Member of the British Columbia Legislative Assembly for Vancouver South Vancouver-Point Grey (1963-1966)
- In office September 30, 1963 – August 30, 1972 Serving with Robert Bonner (1963-1966) Pat McGeer (1963-1966) Thomas Audley Bate (1966-1967) Norman Levi (1967-1969) Agnes Kripps (1969-1972)
- Preceded by: Thomas Audley Bate
- Succeeded by: Garde Gardom

Personal details
- Born: Ralph Raymond Loffmark February 22, 1920 Chase, British Columbia
- Died: July 7, 2012 (aged 92) Burnaby, British Columbia
- Party: Social Credit
- Profession: Lawyer

= Ralph Raymond Loffmark =

Canadian politician (1920–2012)

Ralph Raymond Loffmark (February 22, 1920 – July 7, 2012) was a lawyer, chartered accountant, educator and political figure in British Columbia. He represented Vancouver-Point Grey from 1963 to 1966 and Vancouver South from 1966 to 1972 in the Legislative Assembly of British Columbia as a Social Credit member.

== Biography ==
He was born in Chase, British Columbia, the son of Raymond Victor Loffmark and Hazel M. Woodland, and was educated at the University of Toronto, the University of Pennsylvania and the University of British Columbia.
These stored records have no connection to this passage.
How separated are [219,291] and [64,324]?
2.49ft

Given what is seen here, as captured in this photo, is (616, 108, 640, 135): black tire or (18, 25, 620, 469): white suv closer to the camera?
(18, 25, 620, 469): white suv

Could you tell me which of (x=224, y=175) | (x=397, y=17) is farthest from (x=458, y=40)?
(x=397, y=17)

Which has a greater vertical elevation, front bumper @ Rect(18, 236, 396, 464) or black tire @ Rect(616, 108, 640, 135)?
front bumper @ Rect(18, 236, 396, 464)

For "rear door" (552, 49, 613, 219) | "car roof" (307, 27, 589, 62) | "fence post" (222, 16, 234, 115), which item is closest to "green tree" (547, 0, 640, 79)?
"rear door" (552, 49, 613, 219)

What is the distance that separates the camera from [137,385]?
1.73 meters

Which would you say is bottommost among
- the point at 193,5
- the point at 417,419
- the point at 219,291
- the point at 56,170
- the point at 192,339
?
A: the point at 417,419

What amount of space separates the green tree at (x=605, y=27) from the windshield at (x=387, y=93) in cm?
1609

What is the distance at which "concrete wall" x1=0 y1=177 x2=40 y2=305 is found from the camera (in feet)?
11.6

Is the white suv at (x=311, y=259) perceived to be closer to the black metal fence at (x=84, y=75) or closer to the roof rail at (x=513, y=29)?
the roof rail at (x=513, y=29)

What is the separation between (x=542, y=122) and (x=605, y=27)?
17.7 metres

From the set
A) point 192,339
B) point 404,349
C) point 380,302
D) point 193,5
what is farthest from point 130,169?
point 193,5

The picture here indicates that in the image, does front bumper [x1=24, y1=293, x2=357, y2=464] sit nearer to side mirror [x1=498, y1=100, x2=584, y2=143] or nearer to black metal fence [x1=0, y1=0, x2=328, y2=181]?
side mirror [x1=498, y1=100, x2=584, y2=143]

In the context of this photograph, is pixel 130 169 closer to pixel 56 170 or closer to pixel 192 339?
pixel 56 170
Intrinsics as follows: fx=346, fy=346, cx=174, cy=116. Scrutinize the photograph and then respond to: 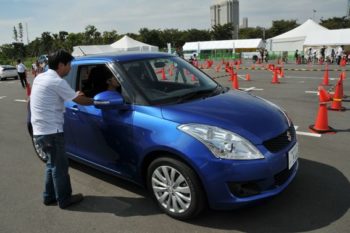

Loffmark served in the Canadian Army during World War II. In 1961, he married Barbara Helen Grierson. He was a member of the Ontario bar and the British Columbia bar. He also was a professor at the University of British Columbia. Loffmark served in the provincial cabinet as Minister of Industrial Development, Trade and Commerce and as Minister of Health Services and Hospital Insurance. He was defeated when he ran for reelection to the provincial assembly in 1972. After leaving politics, Loffmark returned to teaching at the University of British Columbia. He openly supported the provincial New Democrats during the 1979 election and complained after his pension as a former member of the assembly was cut later that same year.